● Directions:
A picture should never appear in your copy. Transcribe the listing exactly from its first line through the line with "56 Oakdale Drive, Kinloch", both ends included.

● Given data:
────────────────────────────────────────

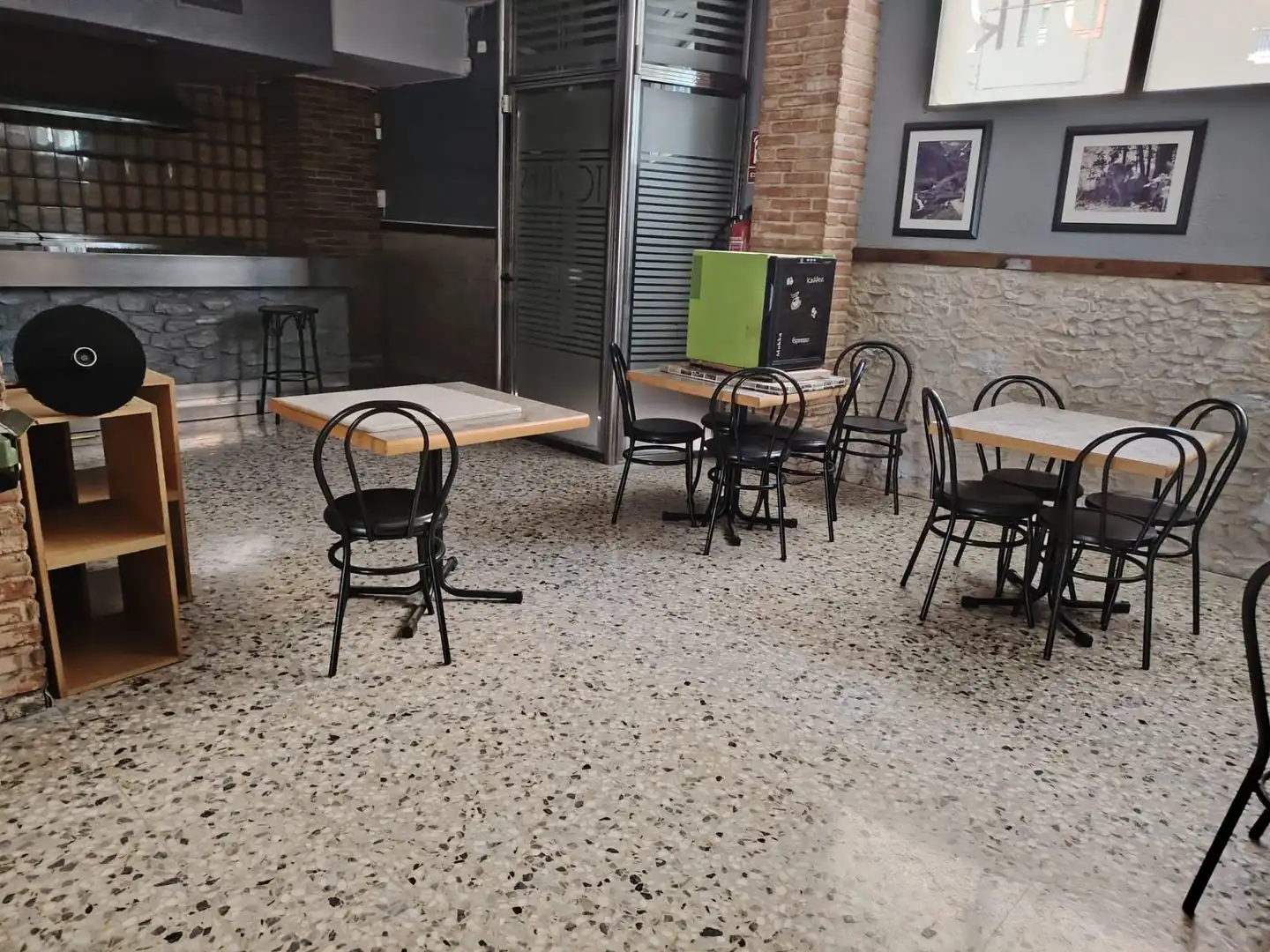 Commercial properties for sale in Santa Isabel - Movera
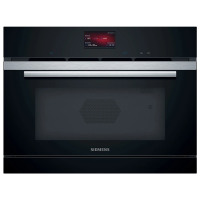 西门子（SIEMENS）蒸烤一体机CP269AGS0W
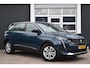 Peugeot 5008 PureTech 130 EAT8 Automaat GT | 7-persoons | Navigatie via Carplay & Android Auto | Achteruitrijcamera | Parkeersensoren v+a | Stoelverwarming | Climate Control | Keyless Start | DAB | Isofix Bevestigingspunten | Lichtmetalen Velgen | Zeer Compleet!!!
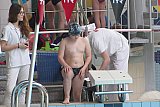 Drużynowy Wielob&oacute;j Pływacki Dzieci 10,11-lat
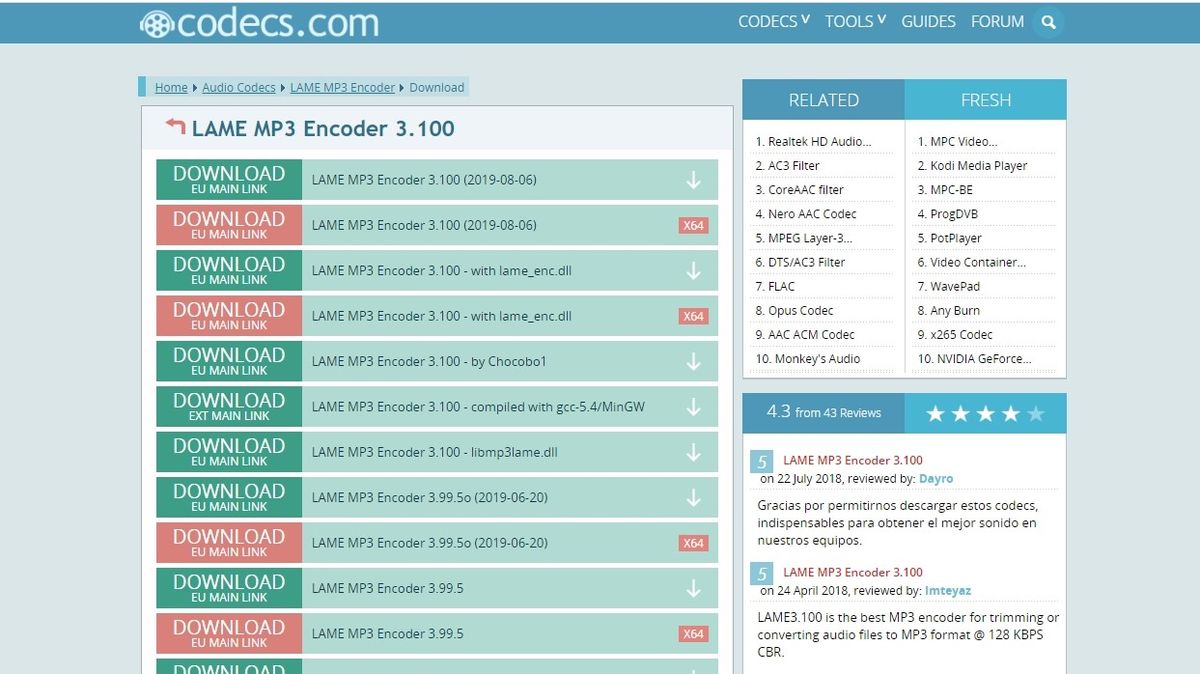 How to make free karaoke tracks TechRadar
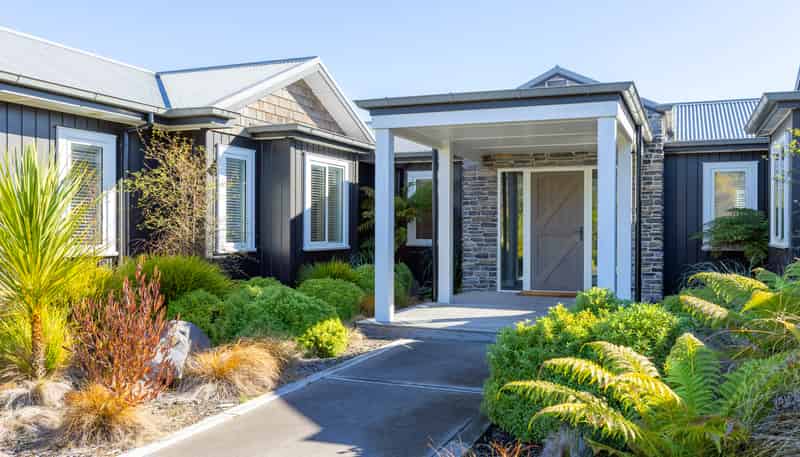 56 Oakdale Drive, Kinloch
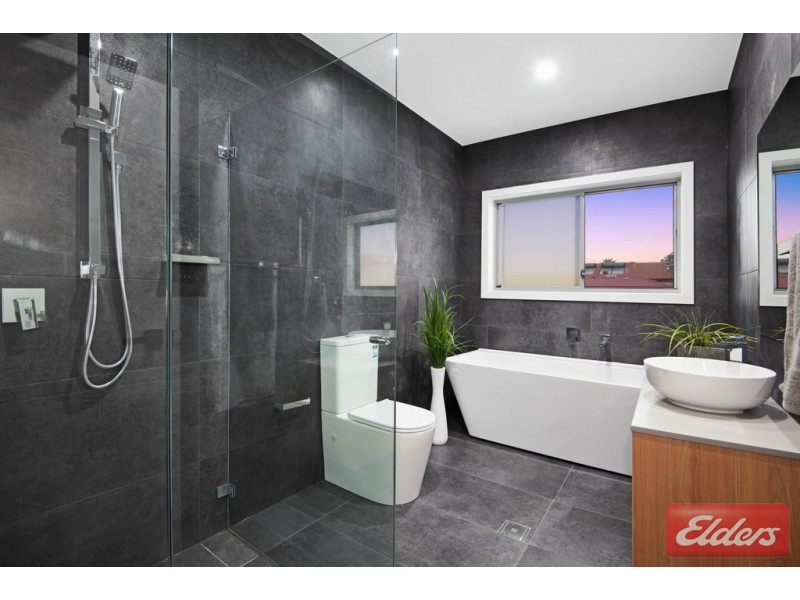 38 Bungaree Road, Toongabbie NSW 2146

────────────────────────────────────────

● Your solution:
 Commercial properties for sale in Santa Isabel - Movera
 西门子（SIEMENS）蒸烤一体机CP269AGS0W
 Peugeot 5008 PureTech 130 EAT8 Automaat GT | 7-persoons | Navigatie via Carplay & Android Auto | Achteruitrijcamera | Parkeersensoren v+a | Stoelverwarming | Climate Control | Keyless Start | DAB | Isofix Bevestigingspunten | Lichtmetalen Velgen | Zeer Compleet!!!
 Drużynowy Wielob&oacute;j Pływacki Dzieci 10,11-lat
 How to make free karaoke tracks TechRadar
 56 Oakdale Drive, Kinloch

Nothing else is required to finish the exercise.